__DATA EXCERPT__

•••

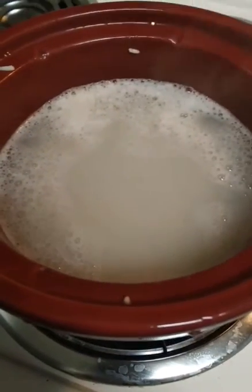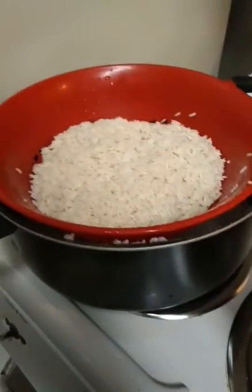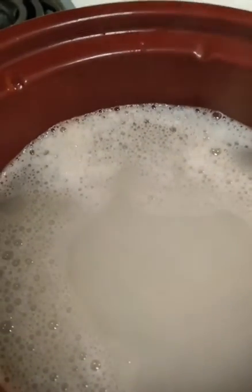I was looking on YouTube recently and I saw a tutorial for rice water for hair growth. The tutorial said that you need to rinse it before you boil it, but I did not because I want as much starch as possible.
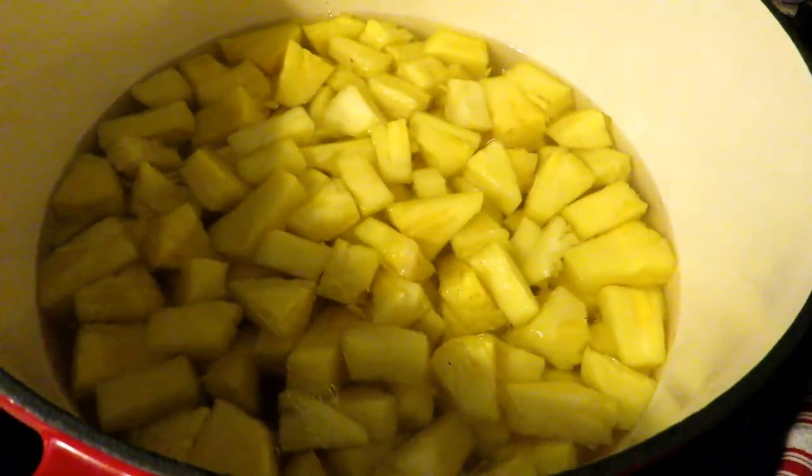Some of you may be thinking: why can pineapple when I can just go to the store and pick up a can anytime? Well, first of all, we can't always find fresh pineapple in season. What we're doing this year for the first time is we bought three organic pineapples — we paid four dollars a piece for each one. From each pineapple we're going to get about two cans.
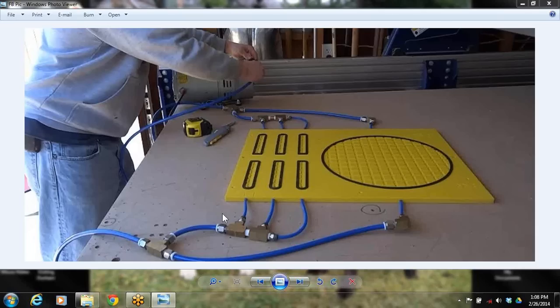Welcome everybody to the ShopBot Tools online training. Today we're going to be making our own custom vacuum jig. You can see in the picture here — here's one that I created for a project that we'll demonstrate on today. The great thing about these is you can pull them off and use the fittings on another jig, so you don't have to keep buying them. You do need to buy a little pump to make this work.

•••

__EXERCISE__
Retype the data word for word and keep the pictures out of it.

__EXERCISE RESULT__
I was looking on YouTube recently and I saw a tutorial for rice water for hair growth. The tutorial said that you need to rinse it before you boil it, but I did not because I want as much starch as possible.
Some of you may be thinking: why can pineapple when I can just go to the store and pick up a can anytime? Well, first of all, we can't always find fresh pineapple in season. What we're doing this year for the first time is we bought three organic pineapples — we paid four dollars a piece for each one. From each pineapple we're going to get about two cans.
Welcome everybody to the ShopBot Tools online training. Today we're going to be making our own custom vacuum jig. You can see in the picture here — here's one that I created for a project that we'll demonstrate on today. The great thing about these is you can pull them off and use the fittings on another jig, so you don't have to keep buying them. You do need to buy a little pump to make this work.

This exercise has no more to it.